Thursday, January 31, 2008
Happy Anniversary to Us
Tuesday, January 29, 2008
Baby OCD
Friday, January 25, 2008
Hooray new tires
Mmmm, sleeping baby
Monday, January 21, 2008
The funniest, dirtiest man on TV
'He had just returned from a weekend getaway involving the beach, a case of Dos Equis, and one of those hand models, when a Sunday-evening emergency call arrived from the studio: The prime-time host was ill. Eager to prove his mettle, Rowe rubbed the weekend from his eyes and headed into work, only to find a display of collectible girlie dolls waiting for him. "There were dozens of little hobbits," he recalls, still sounding vaguely offended some 18 years later. "Little pixies from another time, just sitting there like these little Victorian whores. I thought it was a joke."
He was about to be humiliated in his first shot at prime time. "I'd already called everyone I knew to watch." The producer tried to calm him down, but in his panic, Rowe just reverted to his usual shtick. He picked up the first doll, Rachel--"a nightmare in crushed velvet"--by the hair and plopped her in his lap. "I think I described her as 'soulless, a little creepy but kind of hot,' and as 'a runaway from Little Women,'" he says now, rubbing his head. The crew on the set was dumbstruck. But, Rowe says, "I was really encouraged because the little whore sold out in record time."
Then someone handed Rowe a 2-foot nun doll named Sister Mary Margaret. "If you wound her up, she played 'Climb Every Mountain,' which I thought was hysterical." Rowe had four minutes to kill but ran out of material in 30 seconds, including the time he spent having her spank him with a ruler.

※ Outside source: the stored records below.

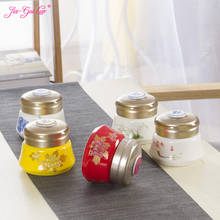 JIA-GUI LUO Glazed Ceramic Tea Caddies Pu'er Dried Fruit Sealed Cans Dried Fruit  Portable Travel Tea Box D081 2024 - buy cheap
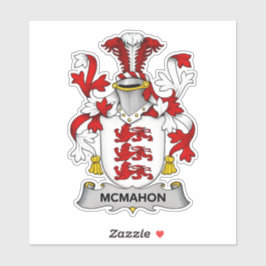 McMahon Family Coat of Arms Vinyl Sticker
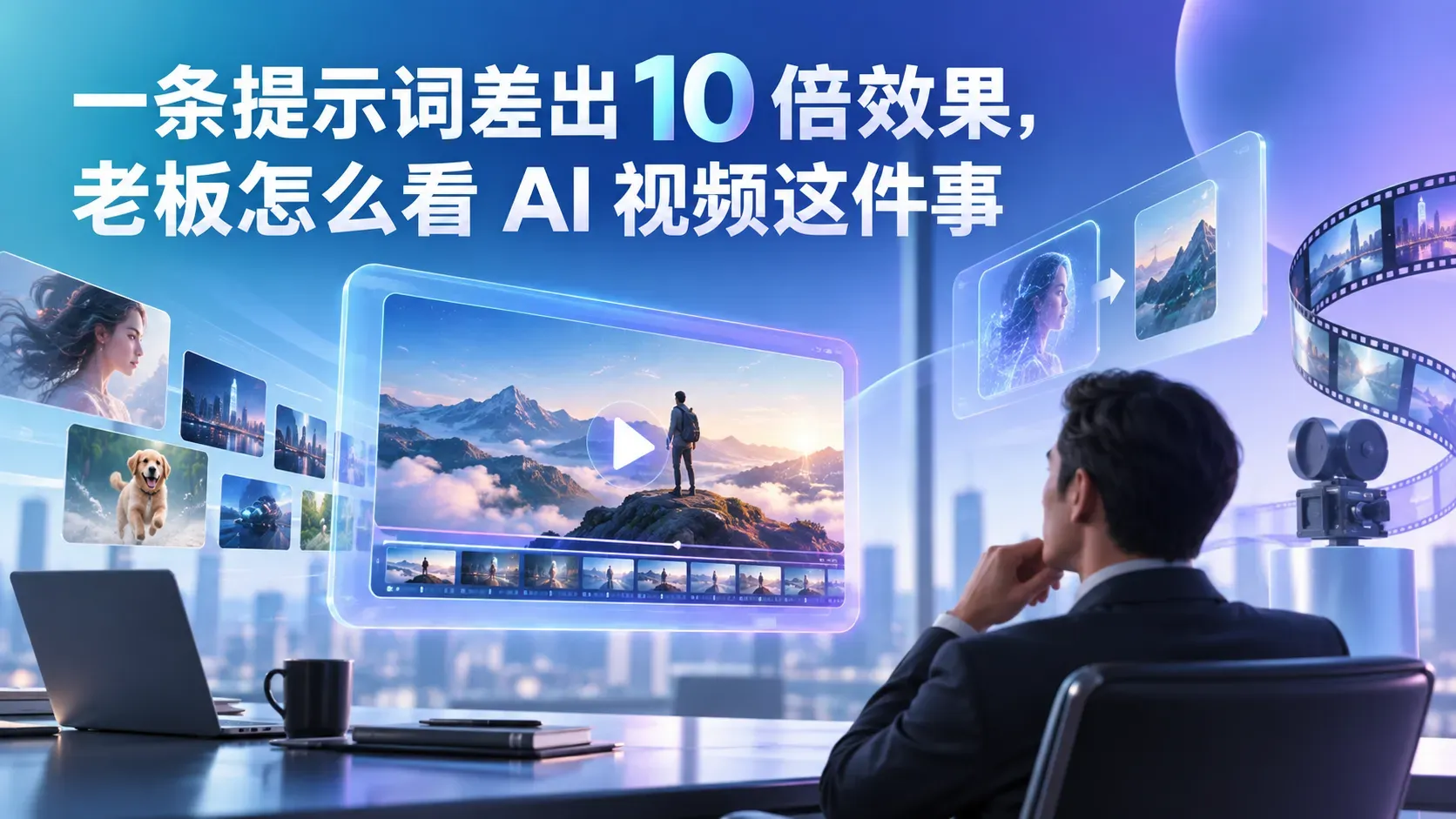 一条提示词差出 10 倍效果，老板怎么看 AI 视频这件事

Then he tried to crank up her music feature. "I've already announced that she plays music, and I'm squeezing her hand, looking around her neck, but I can't figure it out." When the technical director finally cut away to a display version of the same doll, Rowe, in desperation, turned the little sister upside down in his lap and peeled down her garment. He finally found the crank "in the small of her back, but it's really sort of in her ass." Unfortunately, the technical director cut back to Rowe without warning: "Suddenly, I see myself live on the monitor, with Sister Mary Margaret's face in my crotch, my hand on her ass, and her habit around her neck. And the damn thing is playing 'Climb Every Mountain.'" Rowe froze in horror, then made an unfortunate gesture not suitable for prime time. "It was not good."
By the time he got home, his answering machine was jammed. "The 47th message was my boss, inviting me not to come back," says Rowe. But an outcry from viewers earned him a second chance. "I was always on double supersecret probation," he says. And he rarely made it off the graveyard shift. He lasted three years.' (courtesy of Fast Company, Feb 2008).

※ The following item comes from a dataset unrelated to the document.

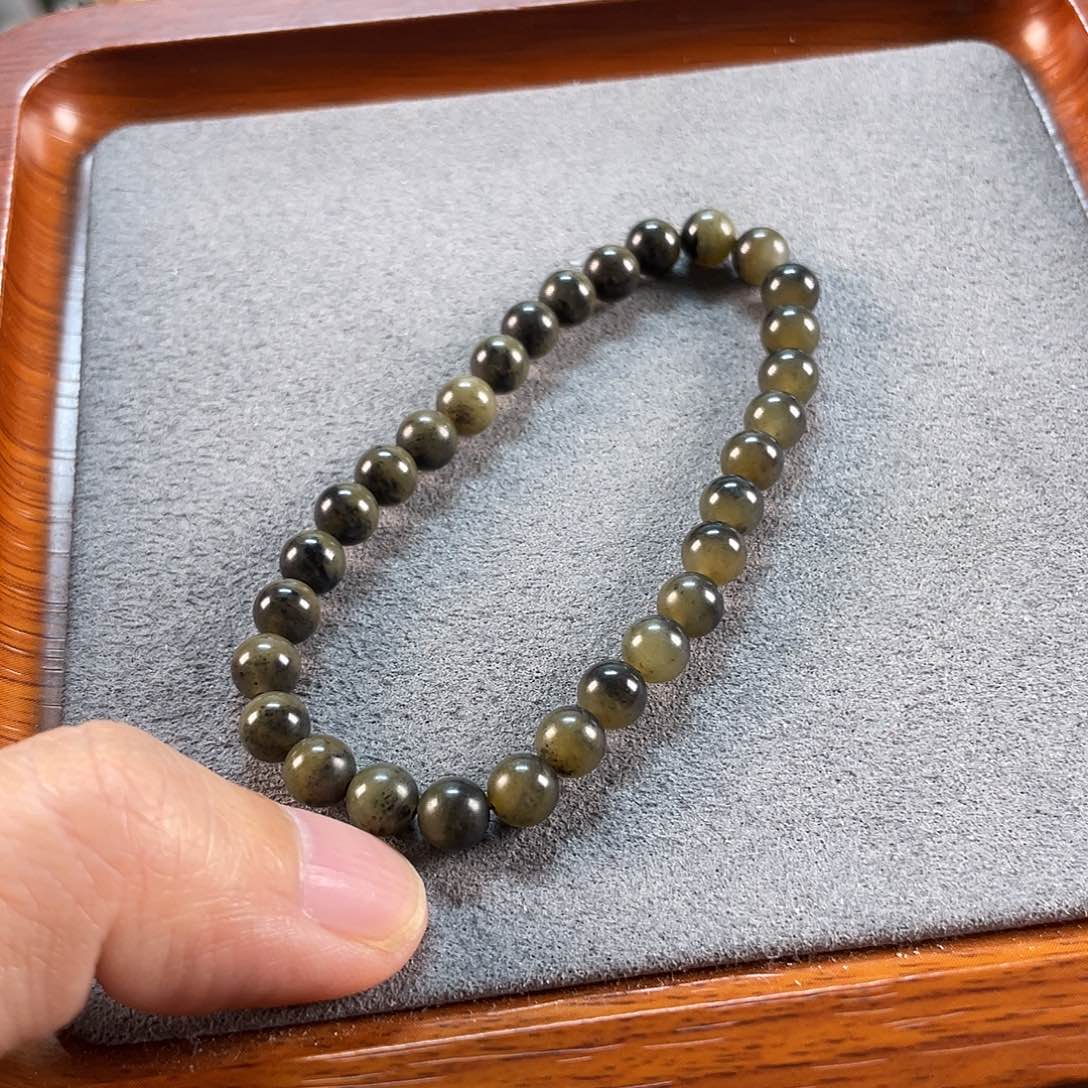 和田玉手串未镶嵌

Wednesday, January 16, 2008
I'm up
In addition to not having warm husbandly goodness the past 3 days, I've also been doing a bit of soul-searching. I've enjoyed my two jobs post-grad school well enough. I'm just feeling that there must be something else I'm meant to be doing. I don't know what that is. In all reality, I probably won't be doing much of anything for a few years, but still, it keeps me up at night.
My life is so overfull of love, contentment and blessing that I should be passing that on in some form. HR, while lucrative for us, never turned me on the way other things have. After having a child and doing some reading around birth/nursing/etc I've been fired up about helping women to make their own choices about how these events unfold. While I don't regret my decisions during T's birth, I often wonder if I would have made different ones if the doctor hadn't come in 30 minutes after we got to the hospital and hooked me up to a pitocin drip. I credit one of the night nurses at the hospital with the fact that I am nursing T today. Without this night angel, I'm pretty sure I would have given up. Could I be a nurse/midwife? Or a lactation consultant? How does one become a lactation consultant, exactly?

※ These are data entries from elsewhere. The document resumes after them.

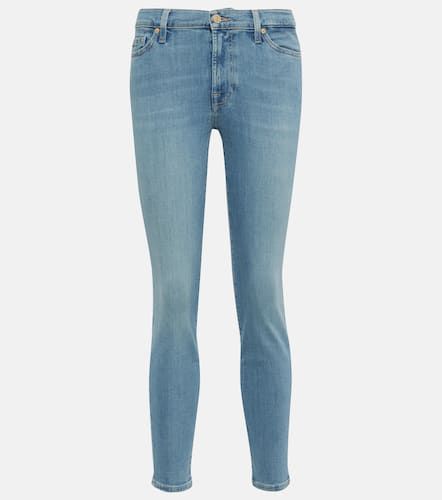 Jeans ajustados con tiro medio adornados - 7 For All Mankind - Modalova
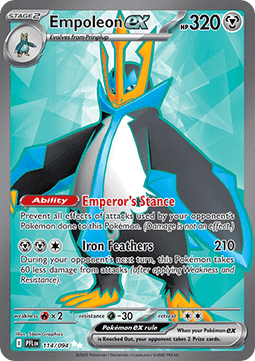 Empoleon ex (PFL 114) English
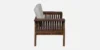 Hampton Classic Fabric 2 Seater Sofa with Wooden Legs - Image 7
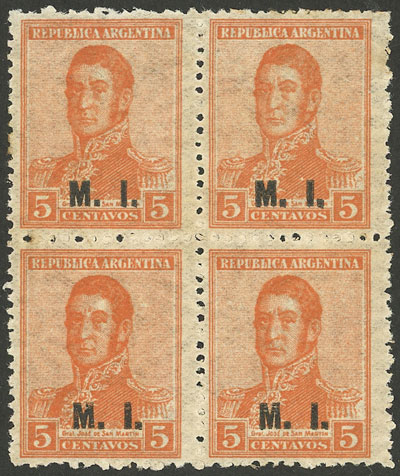 Lot 1199 - Argentina official stamps - Guillermo Jalil - Philatino Auction # 2339 ARGENTINA: General auction with material of all periods, including rarities Lot 1199 - Argentina official stamps - Guillermo Jalil - Philatino Auction # 2339 ARGENTINA: General auction with material of all periods, including rarities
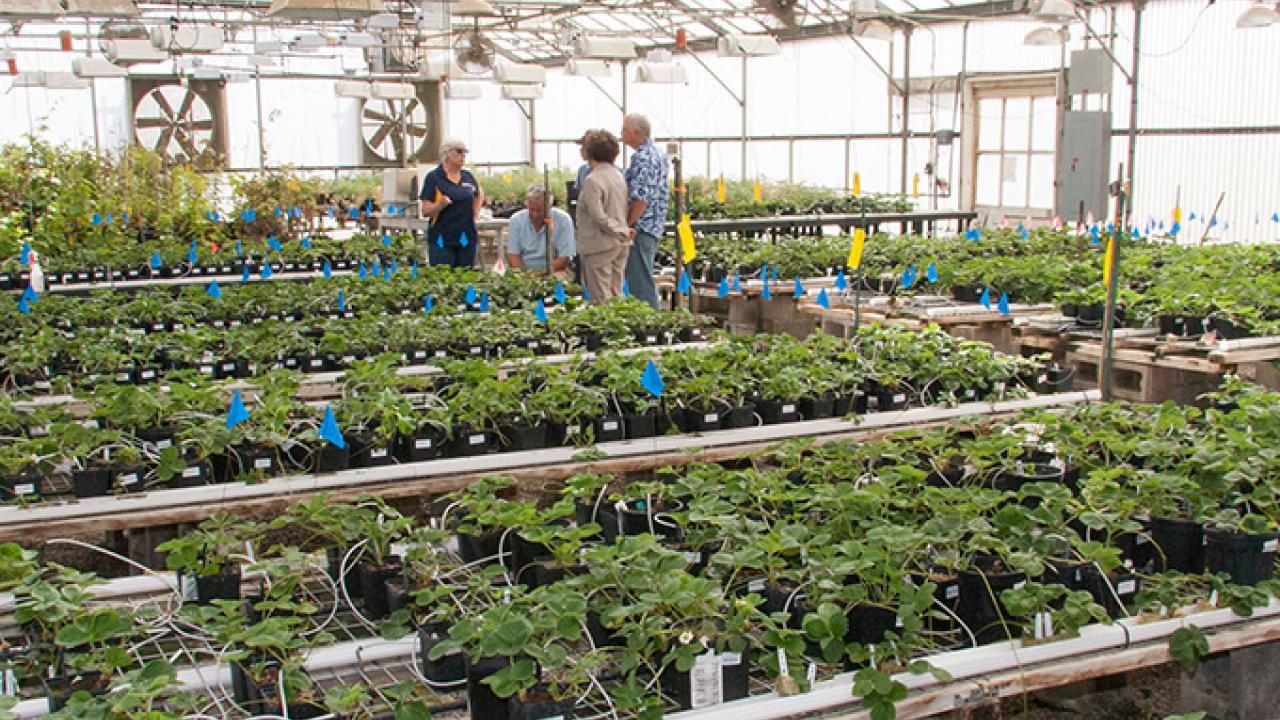The college hopes to break ground this year a greenhouse expansion project.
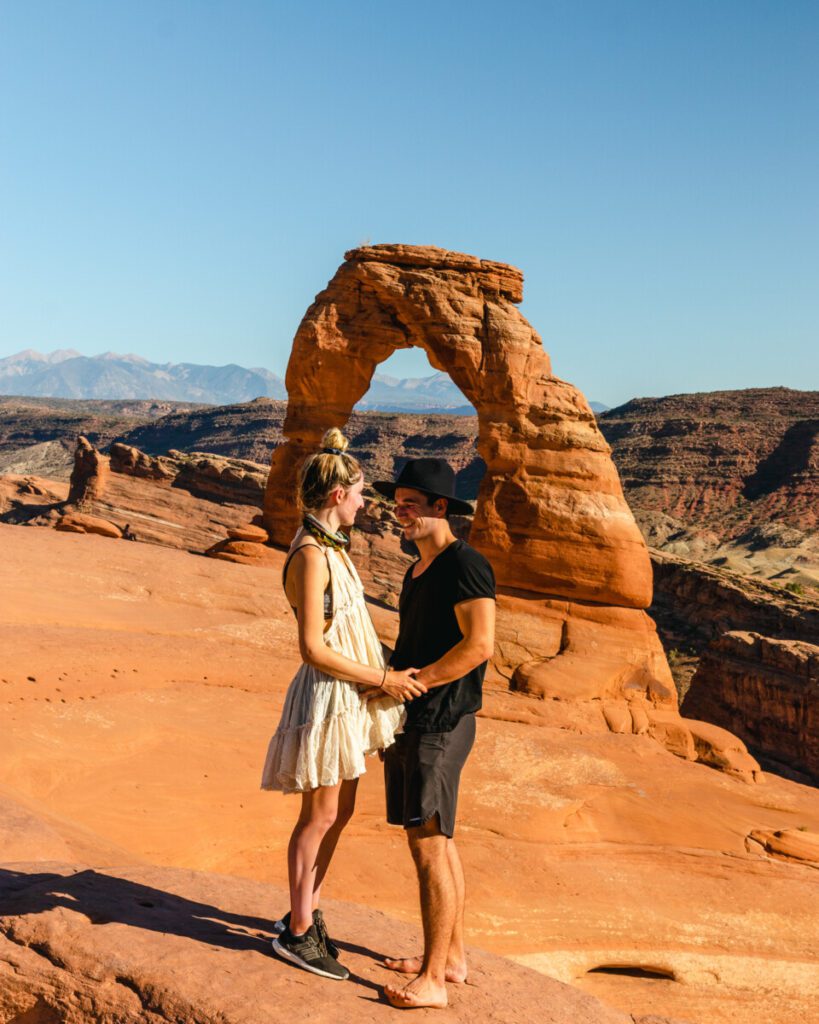 Delicate Arch Hike in Arches National Park, one of utah mighty five 
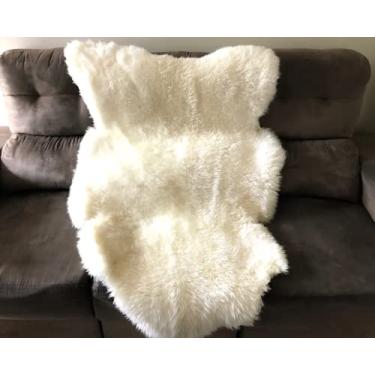 Imagem de Pelego de Ovelha Natural Lã Curta Pele Carneiro Pelo Curto Capa Cadeira Tapete Sofá Poltrona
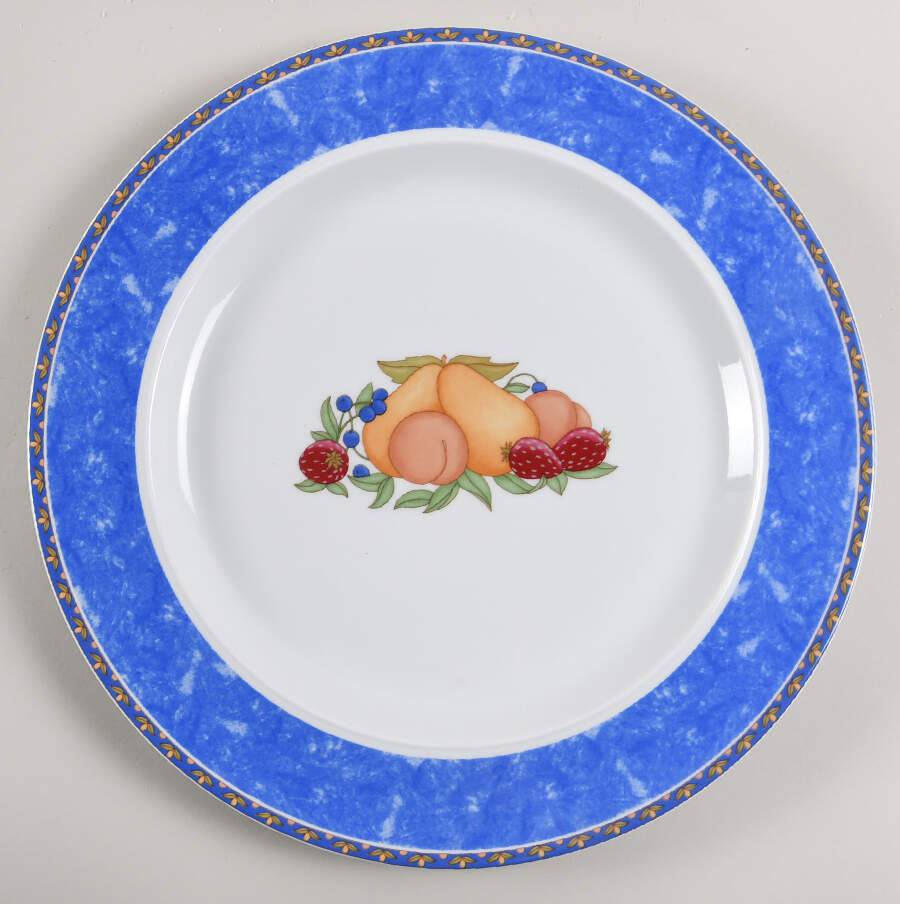 Fiance Fruits 13" Chop Plate (Round Platter) by Dansk-1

I'm reading a book about the founding of the United States. I never realized what a strange and lucky occurrence it was. It, like many other books I've read recently, makes history come alive in a way that 12 years of school never did. If I had it to do over again, I think I'd be a history major, focusing in American Indian or Hawaiian history.
Then I read about the genocide in Darfur (and all over the globe) and wonder how I can make a difference in a country half a world away. Somehow donating a few dollars just doesn't cut it.
I admire people who know what they want to be when they grow up. I've never felt that passion for something. Lately, I've been feeling a passion to do something ... I just don't know what.
Sorry to drag you all into my late night ramblings. I'm hoping that getting them out of my brain might allow me to turn off for the night. Good night. Sleep tight.